Work to be completed - Of all the lines below, return only those starting with the line holding "Walks West Sutherland, Paperback" and going on through the line holding "BMW X5 45 e xDrive Pack M", exactly as written.

(Records from a data source)
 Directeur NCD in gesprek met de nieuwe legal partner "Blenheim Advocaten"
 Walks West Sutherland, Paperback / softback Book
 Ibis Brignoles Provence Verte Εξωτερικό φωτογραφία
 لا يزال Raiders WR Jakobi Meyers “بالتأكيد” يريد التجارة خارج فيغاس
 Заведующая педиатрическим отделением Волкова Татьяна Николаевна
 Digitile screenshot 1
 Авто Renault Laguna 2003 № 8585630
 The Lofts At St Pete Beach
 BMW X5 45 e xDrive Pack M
...
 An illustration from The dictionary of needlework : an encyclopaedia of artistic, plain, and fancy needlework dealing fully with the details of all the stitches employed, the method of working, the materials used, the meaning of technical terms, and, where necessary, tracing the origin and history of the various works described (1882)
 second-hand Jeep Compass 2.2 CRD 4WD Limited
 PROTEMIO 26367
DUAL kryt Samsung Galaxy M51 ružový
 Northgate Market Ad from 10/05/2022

Response area -
 Walks West Sutherland, Paperback / softback Book
 Ibis Brignoles Provence Verte Εξωτερικό φωτογραφία
 لا يزال Raiders WR Jakobi Meyers “بالتأكيد” يريد التجارة خارج فيغاس
 Заведующая педиатрическим отделением Волкова Татьяна Николаевна
 Digitile screenshot 1
 Авто Renault Laguna 2003 № 8585630
 The Lofts At St Pete Beach
 BMW X5 45 e xDrive Pack M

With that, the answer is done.